__Task item__
Where in the data below does the word "baby" appear? Copy every line that has it.

### Information ###

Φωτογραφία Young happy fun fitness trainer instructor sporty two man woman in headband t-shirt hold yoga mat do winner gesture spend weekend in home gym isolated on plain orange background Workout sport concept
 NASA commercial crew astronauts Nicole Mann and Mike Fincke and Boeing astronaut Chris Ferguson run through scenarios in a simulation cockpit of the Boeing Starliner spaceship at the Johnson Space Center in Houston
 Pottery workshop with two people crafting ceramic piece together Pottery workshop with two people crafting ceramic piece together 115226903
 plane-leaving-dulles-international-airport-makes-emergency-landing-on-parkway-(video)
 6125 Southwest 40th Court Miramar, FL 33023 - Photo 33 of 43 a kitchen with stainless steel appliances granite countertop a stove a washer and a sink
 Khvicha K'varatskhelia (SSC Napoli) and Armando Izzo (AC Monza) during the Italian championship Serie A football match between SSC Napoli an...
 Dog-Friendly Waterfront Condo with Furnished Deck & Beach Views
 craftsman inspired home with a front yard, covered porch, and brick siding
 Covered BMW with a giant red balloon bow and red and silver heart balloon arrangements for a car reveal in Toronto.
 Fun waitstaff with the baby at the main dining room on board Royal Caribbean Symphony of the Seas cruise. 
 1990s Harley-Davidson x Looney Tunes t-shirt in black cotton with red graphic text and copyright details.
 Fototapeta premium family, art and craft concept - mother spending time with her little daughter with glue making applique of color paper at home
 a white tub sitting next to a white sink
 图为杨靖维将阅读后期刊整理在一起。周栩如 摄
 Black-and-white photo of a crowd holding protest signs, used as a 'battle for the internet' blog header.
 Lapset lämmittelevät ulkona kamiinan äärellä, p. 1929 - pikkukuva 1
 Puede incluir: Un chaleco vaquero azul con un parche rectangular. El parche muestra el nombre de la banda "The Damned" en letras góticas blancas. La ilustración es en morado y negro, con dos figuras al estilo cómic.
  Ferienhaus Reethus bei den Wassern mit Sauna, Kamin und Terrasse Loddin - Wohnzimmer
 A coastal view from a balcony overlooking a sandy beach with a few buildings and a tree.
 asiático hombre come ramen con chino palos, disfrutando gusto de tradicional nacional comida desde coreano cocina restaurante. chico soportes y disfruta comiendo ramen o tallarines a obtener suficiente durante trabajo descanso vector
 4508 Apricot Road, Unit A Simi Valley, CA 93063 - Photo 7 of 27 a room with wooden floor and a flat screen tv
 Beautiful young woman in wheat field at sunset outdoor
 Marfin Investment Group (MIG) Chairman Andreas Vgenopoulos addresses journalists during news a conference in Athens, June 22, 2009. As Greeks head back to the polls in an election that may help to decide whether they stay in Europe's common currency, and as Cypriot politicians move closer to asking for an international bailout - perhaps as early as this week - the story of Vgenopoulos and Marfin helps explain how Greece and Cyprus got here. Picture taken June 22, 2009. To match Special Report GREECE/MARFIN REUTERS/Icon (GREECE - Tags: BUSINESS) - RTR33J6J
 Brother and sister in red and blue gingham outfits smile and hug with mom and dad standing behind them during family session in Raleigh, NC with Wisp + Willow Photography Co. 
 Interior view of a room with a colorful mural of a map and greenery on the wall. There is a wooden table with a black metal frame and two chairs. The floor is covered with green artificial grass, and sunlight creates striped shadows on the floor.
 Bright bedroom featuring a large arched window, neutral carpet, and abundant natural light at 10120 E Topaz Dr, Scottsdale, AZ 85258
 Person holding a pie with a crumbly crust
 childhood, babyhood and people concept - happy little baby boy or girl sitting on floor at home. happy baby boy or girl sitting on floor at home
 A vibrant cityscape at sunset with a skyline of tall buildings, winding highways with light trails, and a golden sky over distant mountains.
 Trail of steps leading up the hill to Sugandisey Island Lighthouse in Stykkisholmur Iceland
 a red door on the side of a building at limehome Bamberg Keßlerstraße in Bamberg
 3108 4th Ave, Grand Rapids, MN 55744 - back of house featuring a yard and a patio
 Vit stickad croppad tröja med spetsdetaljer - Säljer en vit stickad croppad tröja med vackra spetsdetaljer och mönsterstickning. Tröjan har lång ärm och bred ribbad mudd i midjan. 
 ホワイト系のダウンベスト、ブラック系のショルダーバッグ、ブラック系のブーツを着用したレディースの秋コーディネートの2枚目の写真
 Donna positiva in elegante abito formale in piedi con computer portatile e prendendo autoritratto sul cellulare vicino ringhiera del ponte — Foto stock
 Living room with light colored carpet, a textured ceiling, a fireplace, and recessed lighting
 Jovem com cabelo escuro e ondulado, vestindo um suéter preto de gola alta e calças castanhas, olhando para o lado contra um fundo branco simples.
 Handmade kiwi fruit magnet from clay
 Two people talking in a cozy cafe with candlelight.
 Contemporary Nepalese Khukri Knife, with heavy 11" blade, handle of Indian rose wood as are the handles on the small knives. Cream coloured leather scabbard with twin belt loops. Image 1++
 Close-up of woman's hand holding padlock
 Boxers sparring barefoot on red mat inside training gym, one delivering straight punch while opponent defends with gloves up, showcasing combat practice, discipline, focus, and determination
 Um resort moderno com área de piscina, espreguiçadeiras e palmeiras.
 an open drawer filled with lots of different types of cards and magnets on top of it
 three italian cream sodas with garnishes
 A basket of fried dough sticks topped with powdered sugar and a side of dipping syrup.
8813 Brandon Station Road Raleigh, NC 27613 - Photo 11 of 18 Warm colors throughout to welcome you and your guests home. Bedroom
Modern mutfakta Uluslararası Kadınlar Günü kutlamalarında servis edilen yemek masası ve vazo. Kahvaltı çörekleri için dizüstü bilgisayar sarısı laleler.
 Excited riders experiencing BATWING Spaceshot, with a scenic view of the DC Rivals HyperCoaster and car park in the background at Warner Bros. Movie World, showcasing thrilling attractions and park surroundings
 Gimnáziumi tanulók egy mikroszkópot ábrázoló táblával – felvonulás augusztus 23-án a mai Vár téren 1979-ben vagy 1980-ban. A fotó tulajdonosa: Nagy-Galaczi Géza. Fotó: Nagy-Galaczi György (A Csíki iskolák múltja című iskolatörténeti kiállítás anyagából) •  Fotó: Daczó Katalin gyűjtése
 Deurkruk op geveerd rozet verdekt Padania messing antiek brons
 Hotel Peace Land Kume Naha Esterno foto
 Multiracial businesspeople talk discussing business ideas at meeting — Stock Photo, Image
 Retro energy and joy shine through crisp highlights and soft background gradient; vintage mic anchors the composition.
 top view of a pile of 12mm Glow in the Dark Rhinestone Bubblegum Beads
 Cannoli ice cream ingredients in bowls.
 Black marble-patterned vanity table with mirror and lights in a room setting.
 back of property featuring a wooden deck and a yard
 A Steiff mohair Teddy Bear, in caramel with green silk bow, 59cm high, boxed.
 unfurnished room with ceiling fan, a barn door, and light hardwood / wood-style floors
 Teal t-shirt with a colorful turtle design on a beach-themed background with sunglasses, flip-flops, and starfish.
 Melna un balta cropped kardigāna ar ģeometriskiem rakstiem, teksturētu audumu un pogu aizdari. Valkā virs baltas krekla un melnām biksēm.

###

__Result below__
 Fun waitstaff with the baby at the main dining room on board Royal Caribbean Symphony of the Seas cruise. 
 childhood, babyhood and people concept - happy little baby boy or girl sitting on floor at home. happy baby boy or girl sitting on floor at home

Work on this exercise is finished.